== Instructions to follow ==
Please print nothing but the lines from the one containing "Детский халат велюр-махра" to the final line below, exactly, and no pictures.

Image-caption web data:
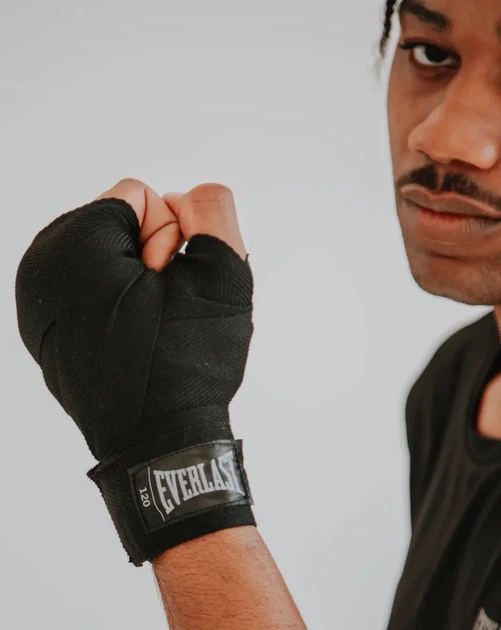 Бинти Everlast нейлоновые 3048 см черные унисекс - Фото 6 Бинти Everlast нейлоновые 3048 см черные унисекс - изображение 6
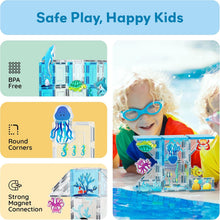 Load image into Gallery viewer, PicassoTiles - Magnetic Tile Construction Blocks: AQUARIUM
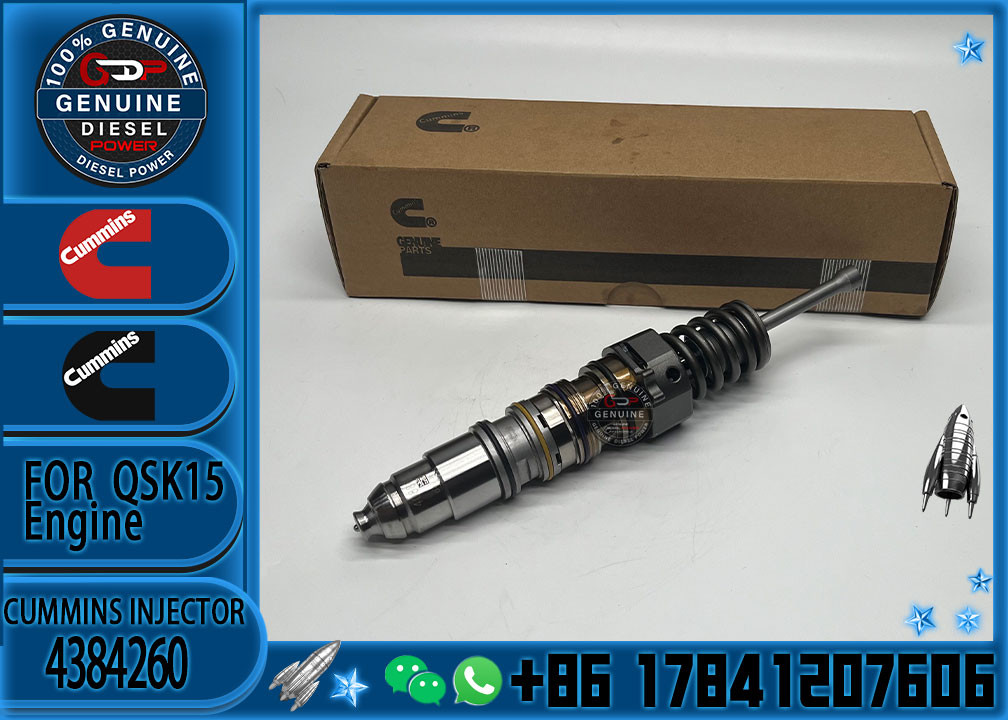 4384260 Cummins ISX QSX X15 diesel engine autoparts Common Rail Injector 4384260
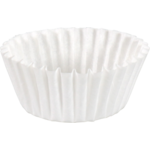 Cupcake case , paper + clay coating , round, Ø75mm, white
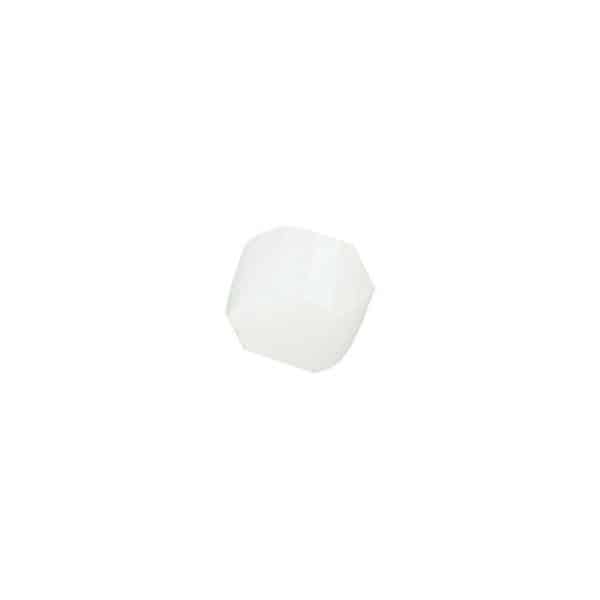 Rico Design Glasschliff-Kandis Perlen 6mm 12 Stück weiß milchig
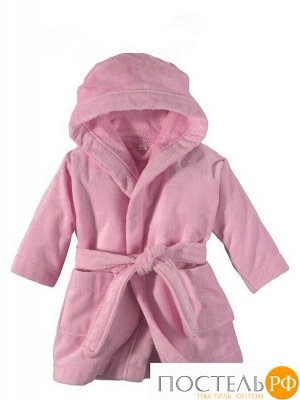 Детский халат велюр-махра 1 годик розовые (12м) "Дорогуша"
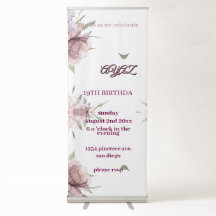 Elegant Cute Pink Floral 18th Birthday
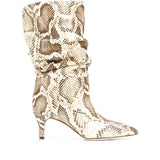Python Boots Autumn and Winter Snake Pattern Knee High Snow Boots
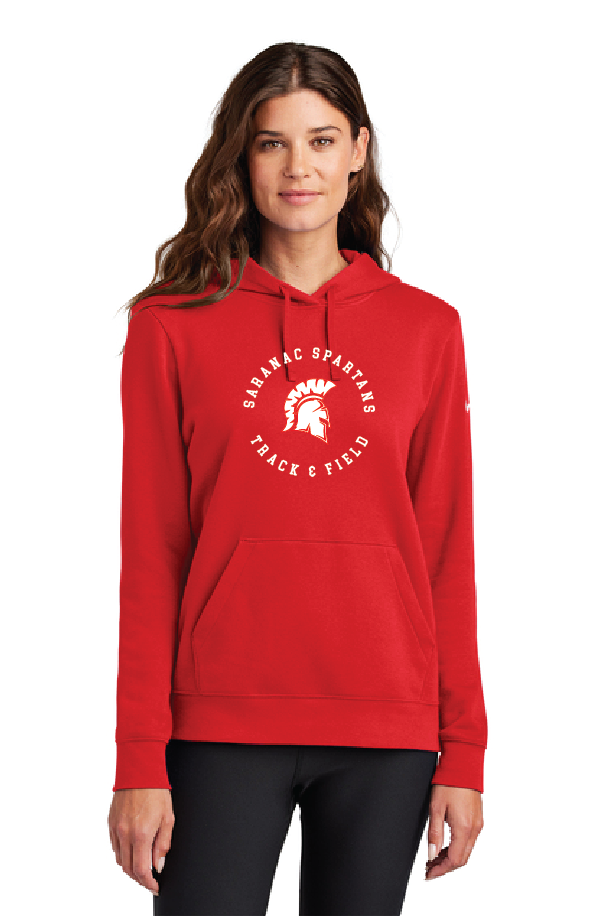 Target Nike Women's Club Fleece Sleeve Swoosh Pullover Hoodie Saranac T&F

== Answer for the task ==
 Детский халат велюр-махра 1 годик розовые (12м) "Дорогуша"
 Elegant Cute Pink Floral 18th Birthday
Python Boots Autumn and Winter Snake Pattern Knee High Snow Boots
 Target Nike Women's Club Fleece Sleeve Swoosh Pullover Hoodie Saranac T&F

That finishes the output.